And that brings me to why we phoned both our adult daughters – our young son’s big sisters a few nights ago. They needed to hear our news from both of us, together.
I’ve been in love with an idea of someone. An idea that never truly fit the object of my attachment. I have to find a way to accept that my love for my child’s father has never been about who he really is. I’ve never wanted to accept that I don’t fit him. Or that his understanding of acceptance doesn’t fit mine.
So it is now, that I arrive at a place where I know I’ve been before – perhaps when I was 7 or 8 and wandering the woods alone, acknowledging my aloneness, observing my emptiness, fondling the folds of left over thoughts. This place is strangely familiar, but it doesn’t fit very well. The size is too small, and the space and time I have for working it out is pressing, almost urgent.
I’m not comfortable, but I see the pathways before me. I just have to decide which one to traverse. This grief that I feel is more direct and clear than, when on younger paths, I felt confused and lost. No, I know what I have to do. I just have to find a way to commence the difficult process of stitching the lines formed by the paths together… so that I don’t lose myself in the moments that grow up my child before I’ve had a chance to catch my breath.
Because, every year steals the version of my child that I treasure. And every decade that I spend not seeing clearly steals the part of me that he will want to cherish.
The traditional model for family is quickly evolving in our society to being as diverse as the populations on earth. Newer generations (and some older) are breaking the rules for marriage, and even rejecting the institution. If I choose grief as my focus, I’ll ruin the opportunity I have to establish new traditions within an alternative paradigm.
That doesn’t mean I have to be blind to all the things that generated pain for me. It means that I can choose my path and walk it. It means that I can be free to be who I need to be while ensuring that my child’s needs are met, including his need for both of his parents to be involved in his life, without coercion – as he has been raised his whole life.
Over nearly two decades, his father and I have developed many common interests, preferences, and understandings. We’ve made hard choices and at times, gut-wrenching decisions. But, we’ve also experienced joy and celebrated milestones. We’ve won hard battles and taken risks.
My heart became entangled with his daughters who taught me more about myself than I’ve ever learned on my own. Now, their little brother is wrestling with the scale, trusting us to be considerate, fair, and forgiving as we maneuver rewriting our lives without rewriting his history.
There are those who won’t really be shocked, but they will be kidding themselves if they think they really know our story.
And there are those who won’t be shocked, and have felt the tremors for a long time.
There are those who are extremely close to us who will wonder how this came about, and there are those who are close and will understand, but whom we did not tell until we pulled our horses right up to the gate.
Because giving up is not easy when a child hangs in the balance.
There will always be his story, her story, and somewhere in the middle, the truth. For me, it was easier to hang on to the hope represented by the idea that my version of a noble life would fit his version of an ideal life and off into the sunset our legacy would sail, forever.
That isn’t to say that my expectations were unreasonable. They certainly were not. But, he did not learn to love in the way that love was modeled to me. And he doesn’t want to continue hurting me. And we do not want our child to have to heal from his childhood.

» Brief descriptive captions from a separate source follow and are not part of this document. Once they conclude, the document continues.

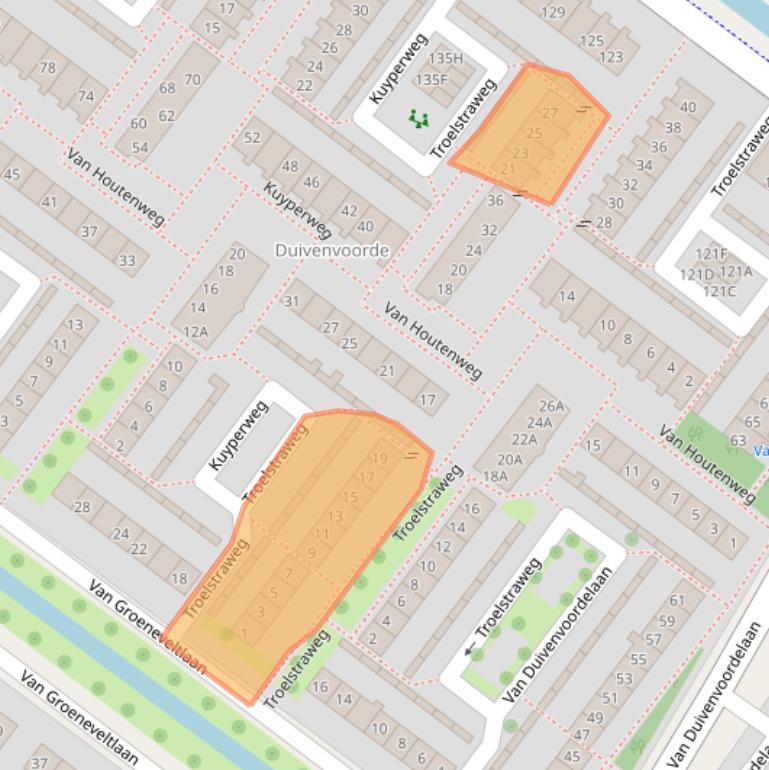 Kaart van postcodegebied 2241PR.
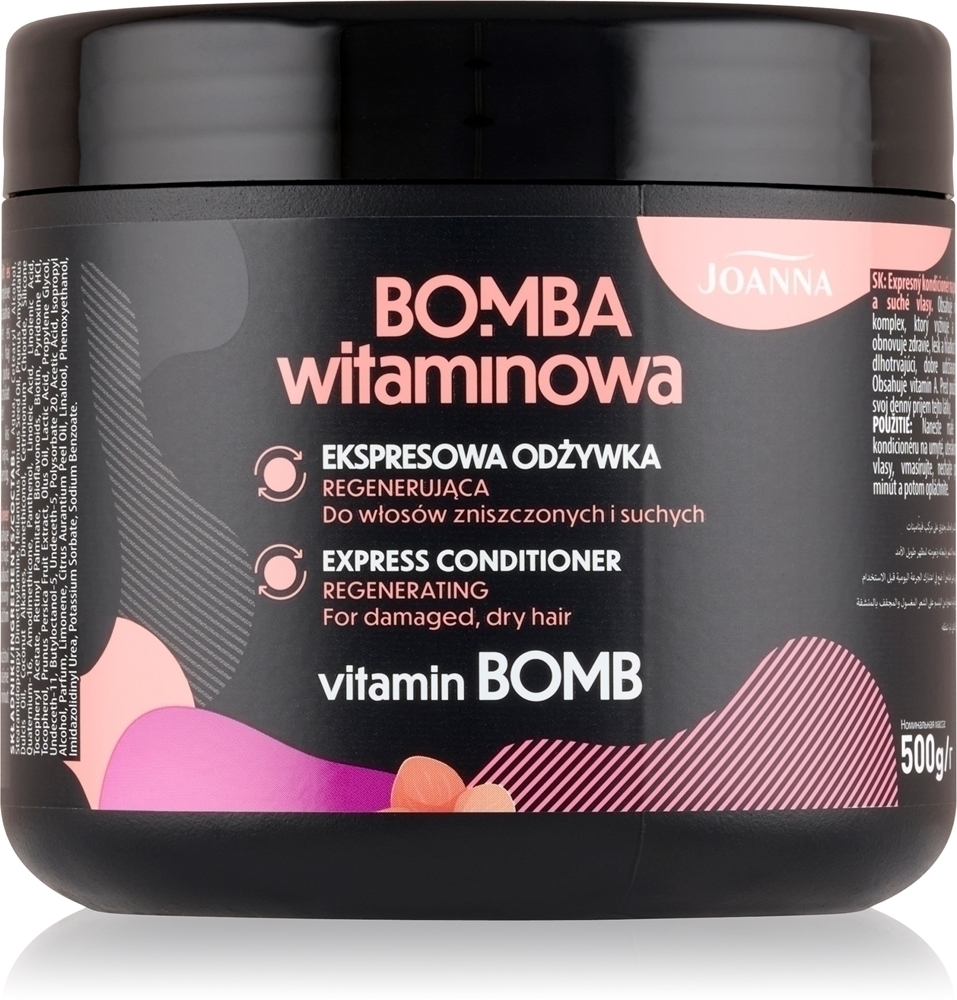 

Экспресс-Кондиционер Vitamin Bomb - это чрезвычайно быстро восстанавливающий кондиционер для сухих и поврежденных волос. Joanna, 500 мл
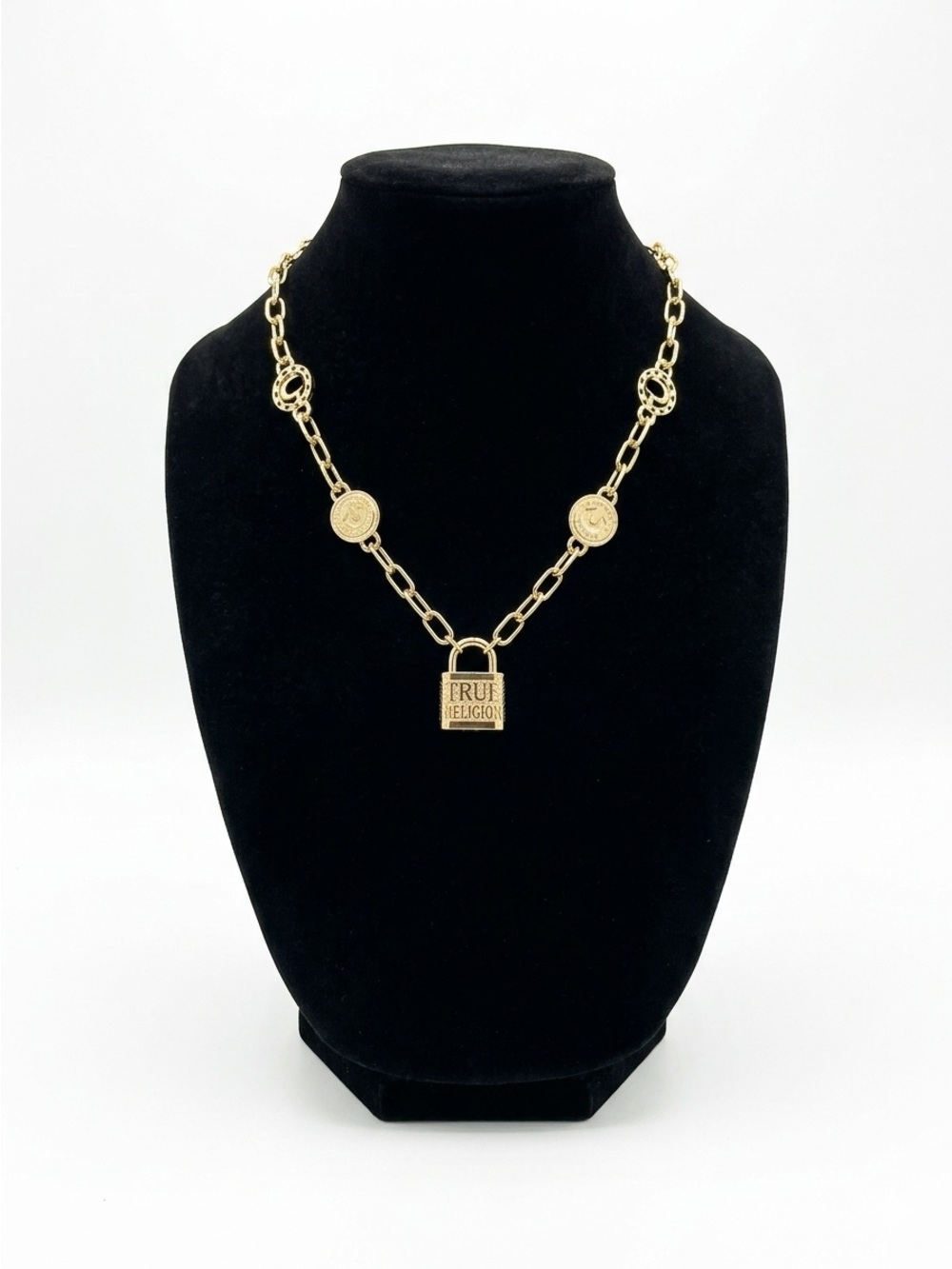 True Religion Women's Logo Lock Chain Necklace NWT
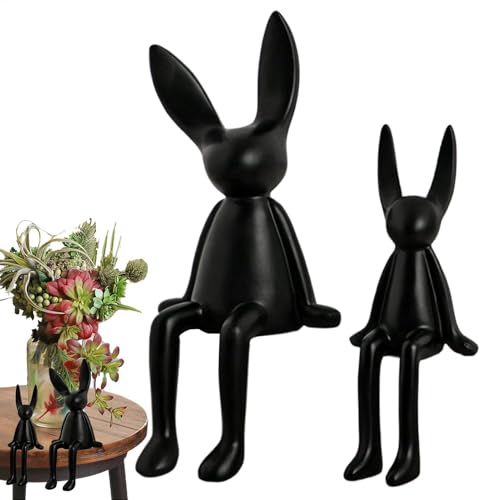 Decoración de Pascua para mesa: 2 figuras de conejo de cerámica Bexdug 2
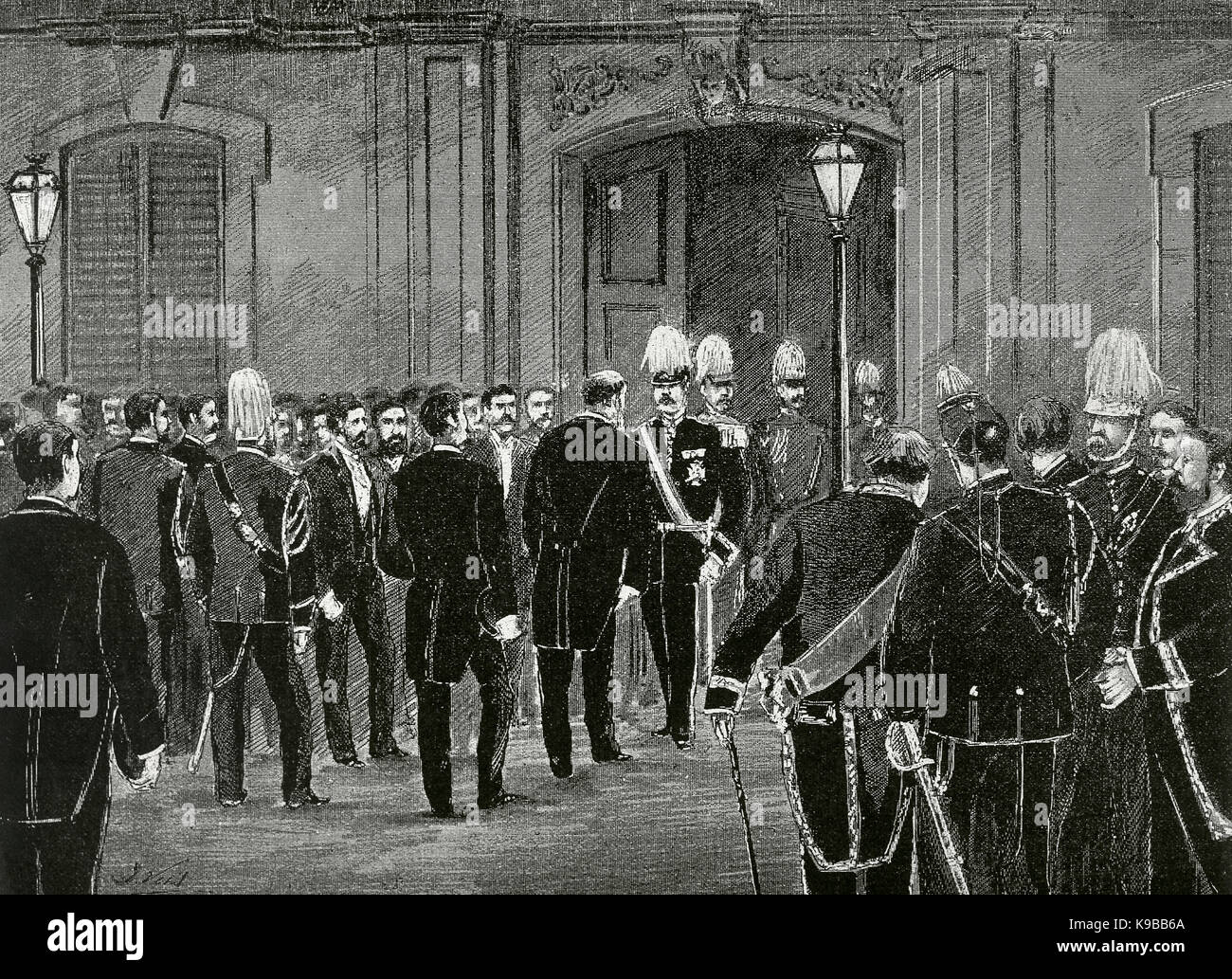 Spain. Catalonia. Barcelona. Universal Exhibition of 1888. The mayor of Barcelona, Francisco de Paula Rius i Taulet (1833-1889) offering the King Luis I of Portugal (1838-1889) the Royal Pavilion. Engraving by J. Vehil. 'The Iberian Illustration', 1888. Stock Photo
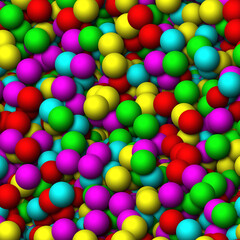 Many rainbow gradient random bright soft balls background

The very premise upon which we’ve raised our child so far has been to stop the cycle of dysfunction and to better society by delivering a compassionate, confident, and passionate individual to the universe. We were mistaken to buy into the belief that this can only be accomplished within the institution of marriage.
And that is where we arrive. That is the point that draws us back to the center after a few weeks (months, years?) of a wretched-sorting-out, all while I continued working towards our upcoming goals, and he continued maintaining his own status quo for the sake of livelihood and stability.
I called upon my tribe of sisters and mothers months ago and even up to now. And I will still need them to help me sort the challenging realities from my higher mission.
If we had brought our struggle front and center without experiencing this period of private strife and pain, we could never have retrieved it and upcycled it into a structure of creativity, discovery, and validation for a child who has known only these things.
As for this child, our freedom-based lifestyle has actually prepared him to shoulder this moment with our help. Since he has never been sheltered by Childism or denied access to life by Adultism (those are actual burgeoning term these days, synonymous with our partnership paradigm), he has had little trouble keeping pace with the adult dialogue and negotiations. He even devised the title for this post that we batted around, as a family. But, the discord leading up to this point was stressful, and we are doing our best to eliminate that stress for him.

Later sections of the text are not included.